──────── Study material ────────

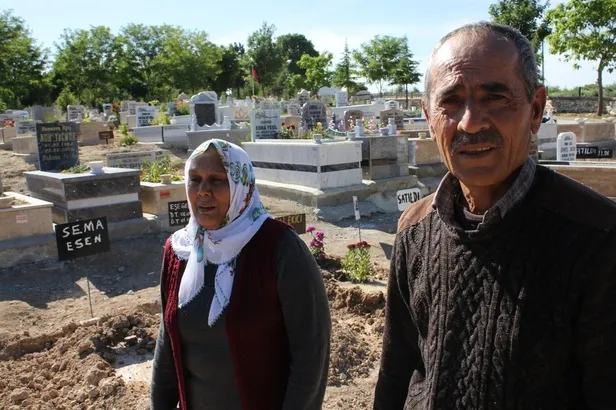 SON DAKİKA HABERİ: Aleyna Çakır'ın otopsi raporu çıktı! İntihar mı cinayet mi? 'Adli Tıp Raporu'na göre (Sema Esen) Aleyna Çakır'ın ölüm nedeni...-6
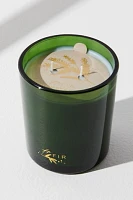 Free People Balsam Fir Candle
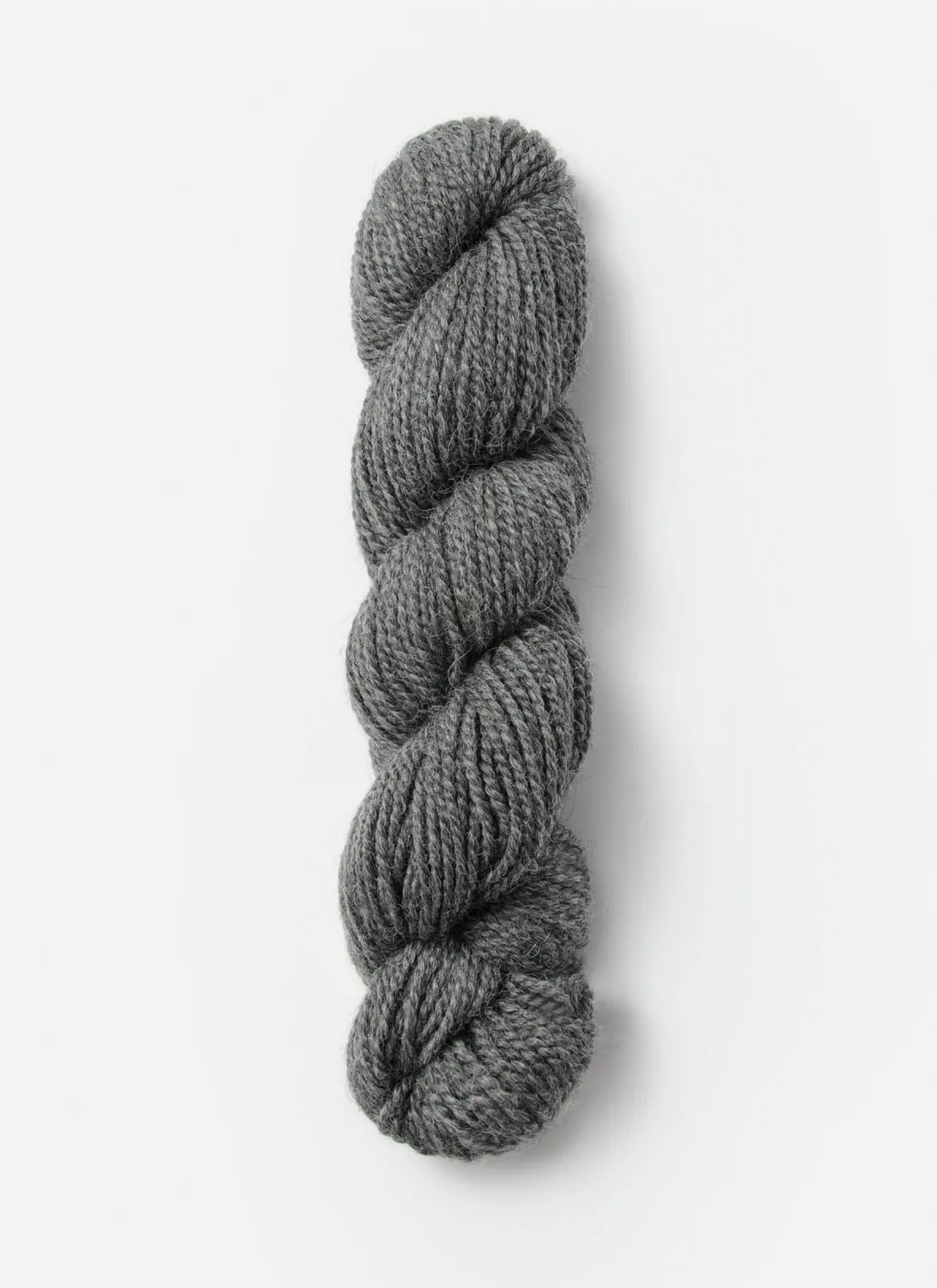 Blue Sky Fibers Baby Alpaca Strickgarn 100% Alpaka weich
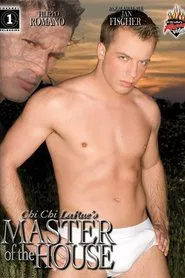 Master of the House movie poster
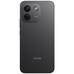 Movil xiaomi redmi note 17 pro-MR69 Movil xiaomi redmi note 17 pro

────────

Exercise brief: Please copy exactly the lines from the one containing "Blue Sky Fibers" through the last line of the records above, both included, and leave out any pictures.

Output of the exercise:
 Blue Sky Fibers Baby Alpaca Strickgarn 100% Alpaka weich
 Master of the House movie poster
 Movil xiaomi redmi note 17 pro-MR69 Movil xiaomi redmi note 17 pro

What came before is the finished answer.